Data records
_ _ _ _
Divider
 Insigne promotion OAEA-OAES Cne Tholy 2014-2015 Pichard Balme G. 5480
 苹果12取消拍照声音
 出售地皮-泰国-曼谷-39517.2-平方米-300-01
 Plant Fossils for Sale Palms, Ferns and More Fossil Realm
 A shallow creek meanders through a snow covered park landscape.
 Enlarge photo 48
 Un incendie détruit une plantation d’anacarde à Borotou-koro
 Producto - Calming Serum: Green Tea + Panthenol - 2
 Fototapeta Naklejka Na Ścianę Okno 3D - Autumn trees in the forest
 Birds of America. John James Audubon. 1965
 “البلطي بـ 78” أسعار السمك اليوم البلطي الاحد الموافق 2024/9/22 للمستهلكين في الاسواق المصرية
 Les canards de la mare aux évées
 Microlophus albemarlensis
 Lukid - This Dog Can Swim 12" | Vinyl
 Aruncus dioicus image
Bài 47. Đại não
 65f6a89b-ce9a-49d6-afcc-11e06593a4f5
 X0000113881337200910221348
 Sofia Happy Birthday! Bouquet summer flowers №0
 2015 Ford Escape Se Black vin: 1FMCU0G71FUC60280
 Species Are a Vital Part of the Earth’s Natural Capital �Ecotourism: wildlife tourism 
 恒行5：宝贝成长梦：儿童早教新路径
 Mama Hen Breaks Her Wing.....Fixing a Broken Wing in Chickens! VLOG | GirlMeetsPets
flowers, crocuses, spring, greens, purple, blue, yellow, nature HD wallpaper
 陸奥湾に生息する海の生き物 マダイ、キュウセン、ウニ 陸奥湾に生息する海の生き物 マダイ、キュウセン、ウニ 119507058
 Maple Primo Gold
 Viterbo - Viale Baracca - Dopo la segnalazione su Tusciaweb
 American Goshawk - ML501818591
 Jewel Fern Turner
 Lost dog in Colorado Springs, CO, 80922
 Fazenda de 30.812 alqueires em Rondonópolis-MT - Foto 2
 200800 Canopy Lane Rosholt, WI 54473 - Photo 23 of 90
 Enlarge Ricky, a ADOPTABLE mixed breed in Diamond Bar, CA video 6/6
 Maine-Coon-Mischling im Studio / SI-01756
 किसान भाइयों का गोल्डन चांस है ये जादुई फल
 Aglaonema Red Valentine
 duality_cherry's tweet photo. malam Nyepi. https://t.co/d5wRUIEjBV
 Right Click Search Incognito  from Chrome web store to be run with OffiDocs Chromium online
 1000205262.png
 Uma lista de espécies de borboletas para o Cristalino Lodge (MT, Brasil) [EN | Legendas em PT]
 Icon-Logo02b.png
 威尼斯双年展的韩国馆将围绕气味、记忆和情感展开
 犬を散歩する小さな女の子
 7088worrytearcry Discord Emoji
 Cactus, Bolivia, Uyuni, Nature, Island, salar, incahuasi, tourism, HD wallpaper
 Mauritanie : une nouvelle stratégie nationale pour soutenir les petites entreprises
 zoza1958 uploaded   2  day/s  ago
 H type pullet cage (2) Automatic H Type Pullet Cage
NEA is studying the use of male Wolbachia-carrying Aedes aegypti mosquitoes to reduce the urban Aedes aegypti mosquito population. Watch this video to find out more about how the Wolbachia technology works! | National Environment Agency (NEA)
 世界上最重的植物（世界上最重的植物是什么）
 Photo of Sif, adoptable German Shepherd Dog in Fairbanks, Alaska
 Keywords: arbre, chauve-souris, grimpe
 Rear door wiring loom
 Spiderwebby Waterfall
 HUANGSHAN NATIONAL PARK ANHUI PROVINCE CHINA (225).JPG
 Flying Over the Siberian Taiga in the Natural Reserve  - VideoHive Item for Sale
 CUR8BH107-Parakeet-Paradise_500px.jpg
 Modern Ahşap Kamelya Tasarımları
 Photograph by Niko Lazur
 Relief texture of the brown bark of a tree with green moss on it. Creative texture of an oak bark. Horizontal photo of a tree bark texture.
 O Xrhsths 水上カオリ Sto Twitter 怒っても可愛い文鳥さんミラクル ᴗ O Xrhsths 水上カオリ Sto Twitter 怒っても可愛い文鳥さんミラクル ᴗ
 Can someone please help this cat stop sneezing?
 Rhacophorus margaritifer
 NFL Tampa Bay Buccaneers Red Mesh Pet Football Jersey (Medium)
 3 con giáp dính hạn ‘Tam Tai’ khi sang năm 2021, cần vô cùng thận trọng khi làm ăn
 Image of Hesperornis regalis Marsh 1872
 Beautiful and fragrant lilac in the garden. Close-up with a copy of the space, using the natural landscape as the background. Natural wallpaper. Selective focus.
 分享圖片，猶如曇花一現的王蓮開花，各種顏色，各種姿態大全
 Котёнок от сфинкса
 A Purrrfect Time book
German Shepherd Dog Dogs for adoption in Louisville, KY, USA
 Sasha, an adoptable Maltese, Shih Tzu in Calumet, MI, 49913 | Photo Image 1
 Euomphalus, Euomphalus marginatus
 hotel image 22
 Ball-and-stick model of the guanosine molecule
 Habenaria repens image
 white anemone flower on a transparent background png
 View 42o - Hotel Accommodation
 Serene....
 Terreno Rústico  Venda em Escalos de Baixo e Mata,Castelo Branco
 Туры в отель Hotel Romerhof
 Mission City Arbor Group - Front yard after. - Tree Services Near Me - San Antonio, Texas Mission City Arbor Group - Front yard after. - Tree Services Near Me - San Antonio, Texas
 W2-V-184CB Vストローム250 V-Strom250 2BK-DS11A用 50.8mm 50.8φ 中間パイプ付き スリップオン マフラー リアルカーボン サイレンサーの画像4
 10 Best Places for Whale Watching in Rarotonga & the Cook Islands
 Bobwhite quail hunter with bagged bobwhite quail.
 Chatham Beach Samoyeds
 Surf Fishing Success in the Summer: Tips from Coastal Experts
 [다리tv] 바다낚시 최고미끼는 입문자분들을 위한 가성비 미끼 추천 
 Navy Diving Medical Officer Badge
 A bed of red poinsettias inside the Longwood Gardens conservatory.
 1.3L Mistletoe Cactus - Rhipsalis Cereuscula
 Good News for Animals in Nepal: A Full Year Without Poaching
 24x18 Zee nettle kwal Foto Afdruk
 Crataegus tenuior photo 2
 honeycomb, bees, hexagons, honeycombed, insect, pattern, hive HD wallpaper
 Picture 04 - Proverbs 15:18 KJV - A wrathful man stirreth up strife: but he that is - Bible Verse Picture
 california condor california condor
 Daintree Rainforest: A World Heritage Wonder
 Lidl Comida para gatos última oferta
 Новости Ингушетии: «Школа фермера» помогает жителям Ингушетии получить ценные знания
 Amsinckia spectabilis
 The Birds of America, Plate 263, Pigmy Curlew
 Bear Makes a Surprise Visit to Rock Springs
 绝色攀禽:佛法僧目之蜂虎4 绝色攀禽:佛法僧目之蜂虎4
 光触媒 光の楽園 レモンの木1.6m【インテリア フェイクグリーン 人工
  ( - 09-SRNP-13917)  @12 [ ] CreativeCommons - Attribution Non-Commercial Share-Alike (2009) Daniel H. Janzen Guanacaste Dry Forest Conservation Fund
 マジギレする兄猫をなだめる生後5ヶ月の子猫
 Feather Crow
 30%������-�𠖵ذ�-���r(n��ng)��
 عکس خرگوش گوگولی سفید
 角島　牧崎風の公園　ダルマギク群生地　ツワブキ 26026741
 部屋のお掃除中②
_ _ _ _
Take the line above containing "Котёнок от сфинкса", the line containing "Туры в отель Hotel Romerhof", and all lines in between, and copy them exactly without anything else.

◆ **Answer to this task**:
 Котёнок от сфинкса
 A Purrrfect Time book
German Shepherd Dog Dogs for adoption in Louisville, KY, USA
 Sasha, an adoptable Maltese, Shih Tzu in Calumet, MI, 49913 | Photo Image 1
 Euomphalus, Euomphalus marginatus
 hotel image 22
 Ball-and-stick model of the guanosine molecule
 Habenaria repens image
 white anemone flower on a transparent background png
 View 42o - Hotel Accommodation
 Serene....
 Terreno Rústico  Venda em Escalos de Baixo e Mata,Castelo Branco
 Туры в отель Hotel Romerhof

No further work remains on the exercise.